LEGUME Inoculation and Fixation of Air Nitrogen

Nearly 2,000 years ago historians recorded the observation that better crops of grain were obtained when the seed was planted in soil which had just previously borne a crop of legumes. Here began our written knowledge of crop rotation. Although at this time and for many years afterwards nothing was known about bacteria or nitrogen gas, the beneficial effect of nitrogen fixation of legumes in a rotation (vetches, beans, lupines, clovers, etc.) was early recognized. It is only within the last century that the agents concerned with legume plants in the utilization of atmospheric nitrogen have been discovered and are now known to be minute soil-inhabiting plants which are called bacteria. When these bacteria come in contact with suitable legume roots in the soil they enter and cause the plant to form growths in the course of their multiplication which are commonly referred to as nodules or tubercles. These growths are very characteristic in outward appearance, varying mainly on account of the plant on which they occur, although their external appearance is sometimes modified by soil conditions. Nodules being the evidence of nitrogen- fixation and of the presence of certain kinds of legume bacteria in a soil, are growths with which every farmer should make himself familiar.

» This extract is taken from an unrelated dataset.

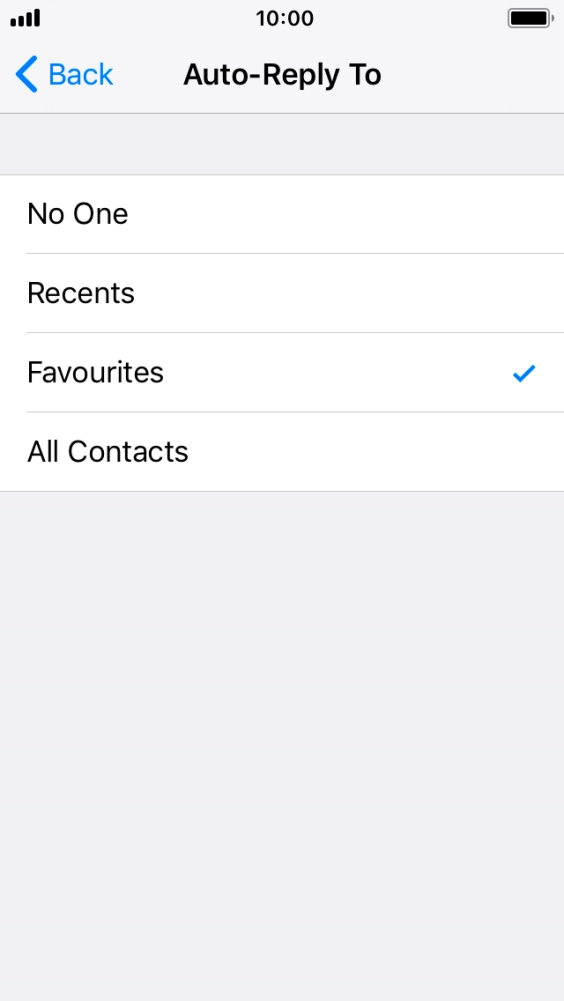 Press the required setting to select which contacts should automatically be notified that Do Not Disturb While Driving is turned on.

Nature has distributed the legumes and their bacteria very liberally to the various soils throughout the world, but since the bacteria which will produce nodules on a particular legume will not necessarily produce them on another species, it does not. always happen that the proper kind of nodule-forming bacteria are in the soil.  Legumes are therefore classified on the basis of their ability to accommodate the same organisms in their roots. Thus, the nodule bacteria of the plants within each of the following four groups of legumes are considered the same for practical purposes: (1) Alfalfa, bur clover, and sweet clover; (2) crimson, red, and alsike clover; (3) cowpea, velvet bean, peanut and Lima bean; (4) vetch, garden pea, and sweet pea. The soy bean requires its own special nodule bacteria. With the modern interchange of legume seed between widely separated parts of the world and the development of conditions detrimental to nodule bacteria it is often necessary to bring them into a soil.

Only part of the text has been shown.